Records excerpted from a collection:
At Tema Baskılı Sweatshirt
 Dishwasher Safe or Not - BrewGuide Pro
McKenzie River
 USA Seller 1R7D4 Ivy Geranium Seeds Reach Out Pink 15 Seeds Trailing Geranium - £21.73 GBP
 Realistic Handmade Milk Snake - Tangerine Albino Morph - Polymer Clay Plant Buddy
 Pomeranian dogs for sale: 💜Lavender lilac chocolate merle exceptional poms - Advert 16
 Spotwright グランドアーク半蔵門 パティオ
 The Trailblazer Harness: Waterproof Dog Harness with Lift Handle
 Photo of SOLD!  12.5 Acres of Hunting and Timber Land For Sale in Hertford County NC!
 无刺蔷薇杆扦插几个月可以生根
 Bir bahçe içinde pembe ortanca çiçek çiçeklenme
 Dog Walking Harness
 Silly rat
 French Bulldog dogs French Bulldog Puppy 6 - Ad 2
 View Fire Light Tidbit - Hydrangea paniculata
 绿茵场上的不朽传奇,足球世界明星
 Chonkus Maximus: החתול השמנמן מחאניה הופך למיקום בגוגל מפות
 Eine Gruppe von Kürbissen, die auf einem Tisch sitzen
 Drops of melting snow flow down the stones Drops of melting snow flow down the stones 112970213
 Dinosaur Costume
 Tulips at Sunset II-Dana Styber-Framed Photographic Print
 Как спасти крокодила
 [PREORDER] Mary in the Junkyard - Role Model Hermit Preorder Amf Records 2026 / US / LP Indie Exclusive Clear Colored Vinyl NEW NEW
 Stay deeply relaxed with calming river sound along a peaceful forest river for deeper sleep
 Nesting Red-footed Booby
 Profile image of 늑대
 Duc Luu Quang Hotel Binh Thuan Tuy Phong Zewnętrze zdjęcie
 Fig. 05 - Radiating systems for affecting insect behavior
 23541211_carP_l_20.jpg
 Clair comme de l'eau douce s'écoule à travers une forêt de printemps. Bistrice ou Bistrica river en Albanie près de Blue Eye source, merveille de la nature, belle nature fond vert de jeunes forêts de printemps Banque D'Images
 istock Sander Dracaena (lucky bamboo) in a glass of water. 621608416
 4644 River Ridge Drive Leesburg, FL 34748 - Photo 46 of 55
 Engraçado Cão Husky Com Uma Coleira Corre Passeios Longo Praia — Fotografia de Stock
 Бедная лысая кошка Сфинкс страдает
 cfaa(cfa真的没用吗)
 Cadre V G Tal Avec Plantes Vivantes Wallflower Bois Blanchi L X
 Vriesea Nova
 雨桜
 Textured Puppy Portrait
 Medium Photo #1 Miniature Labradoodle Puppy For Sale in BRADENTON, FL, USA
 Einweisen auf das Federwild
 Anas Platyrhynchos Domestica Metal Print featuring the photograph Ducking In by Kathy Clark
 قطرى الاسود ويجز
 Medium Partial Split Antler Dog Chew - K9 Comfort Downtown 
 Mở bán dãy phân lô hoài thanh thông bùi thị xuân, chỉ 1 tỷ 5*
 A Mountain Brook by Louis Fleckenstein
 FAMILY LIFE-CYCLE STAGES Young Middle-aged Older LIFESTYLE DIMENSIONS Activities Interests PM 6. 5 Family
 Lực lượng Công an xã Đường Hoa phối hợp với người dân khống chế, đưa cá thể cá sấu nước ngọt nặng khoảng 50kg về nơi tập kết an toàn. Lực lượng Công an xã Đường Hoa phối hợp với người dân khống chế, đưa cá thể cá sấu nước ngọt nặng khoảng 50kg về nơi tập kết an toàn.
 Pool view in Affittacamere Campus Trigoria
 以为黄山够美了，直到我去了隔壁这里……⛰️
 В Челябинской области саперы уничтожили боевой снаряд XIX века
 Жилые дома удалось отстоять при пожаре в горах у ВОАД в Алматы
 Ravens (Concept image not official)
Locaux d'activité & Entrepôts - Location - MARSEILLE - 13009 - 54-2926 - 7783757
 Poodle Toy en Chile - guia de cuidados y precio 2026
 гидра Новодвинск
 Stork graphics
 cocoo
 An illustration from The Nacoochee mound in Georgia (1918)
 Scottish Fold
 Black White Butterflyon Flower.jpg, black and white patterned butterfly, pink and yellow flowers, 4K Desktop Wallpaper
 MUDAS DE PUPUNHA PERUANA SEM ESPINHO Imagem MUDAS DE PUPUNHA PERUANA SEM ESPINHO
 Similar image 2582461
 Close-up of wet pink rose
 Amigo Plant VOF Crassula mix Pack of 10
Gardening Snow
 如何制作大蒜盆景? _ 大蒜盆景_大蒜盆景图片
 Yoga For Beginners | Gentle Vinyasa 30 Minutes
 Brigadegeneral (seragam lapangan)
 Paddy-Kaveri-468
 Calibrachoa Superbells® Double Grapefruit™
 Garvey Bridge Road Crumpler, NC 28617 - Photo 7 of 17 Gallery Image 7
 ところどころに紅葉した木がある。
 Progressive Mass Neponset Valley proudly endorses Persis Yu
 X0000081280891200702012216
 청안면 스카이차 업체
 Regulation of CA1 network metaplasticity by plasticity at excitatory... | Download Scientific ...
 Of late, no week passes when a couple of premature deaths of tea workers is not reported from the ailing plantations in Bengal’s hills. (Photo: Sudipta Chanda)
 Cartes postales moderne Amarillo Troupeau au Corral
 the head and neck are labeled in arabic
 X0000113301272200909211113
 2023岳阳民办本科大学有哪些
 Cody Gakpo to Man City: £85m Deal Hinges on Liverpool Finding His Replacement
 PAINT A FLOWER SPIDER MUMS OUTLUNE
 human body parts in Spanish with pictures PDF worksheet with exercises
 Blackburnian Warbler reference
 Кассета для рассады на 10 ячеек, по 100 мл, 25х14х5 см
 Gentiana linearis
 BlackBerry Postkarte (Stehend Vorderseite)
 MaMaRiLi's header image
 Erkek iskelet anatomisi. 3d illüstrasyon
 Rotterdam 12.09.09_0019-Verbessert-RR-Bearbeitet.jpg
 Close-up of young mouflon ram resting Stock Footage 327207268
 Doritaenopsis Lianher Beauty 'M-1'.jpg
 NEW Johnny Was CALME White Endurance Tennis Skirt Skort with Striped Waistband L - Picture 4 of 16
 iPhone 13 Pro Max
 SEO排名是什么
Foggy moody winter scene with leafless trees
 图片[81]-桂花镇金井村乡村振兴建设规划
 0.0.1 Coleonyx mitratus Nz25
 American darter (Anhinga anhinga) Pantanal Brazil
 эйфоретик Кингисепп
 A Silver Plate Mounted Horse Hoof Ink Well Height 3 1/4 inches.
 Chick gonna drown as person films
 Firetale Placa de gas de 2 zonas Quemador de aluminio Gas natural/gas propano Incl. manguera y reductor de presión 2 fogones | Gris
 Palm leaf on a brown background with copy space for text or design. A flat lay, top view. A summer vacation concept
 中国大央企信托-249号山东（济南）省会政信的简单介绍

**WHAT YOU WILL DO**:
Look above for the line with "MaMaRiLi's header image" and the line with "Doritaenopsis Lianher Beauty 'M-1'.jpg". Retype those two lines and every line between them exactly, adding nothing.

**ANSWER FOR THIS EXERCISE**:
 MaMaRiLi's header image
 Erkek iskelet anatomisi. 3d illüstrasyon
 Rotterdam 12.09.09_0019-Verbessert-RR-Bearbeitet.jpg
 Close-up of young mouflon ram resting Stock Footage 327207268
 Doritaenopsis Lianher Beauty 'M-1'.jpg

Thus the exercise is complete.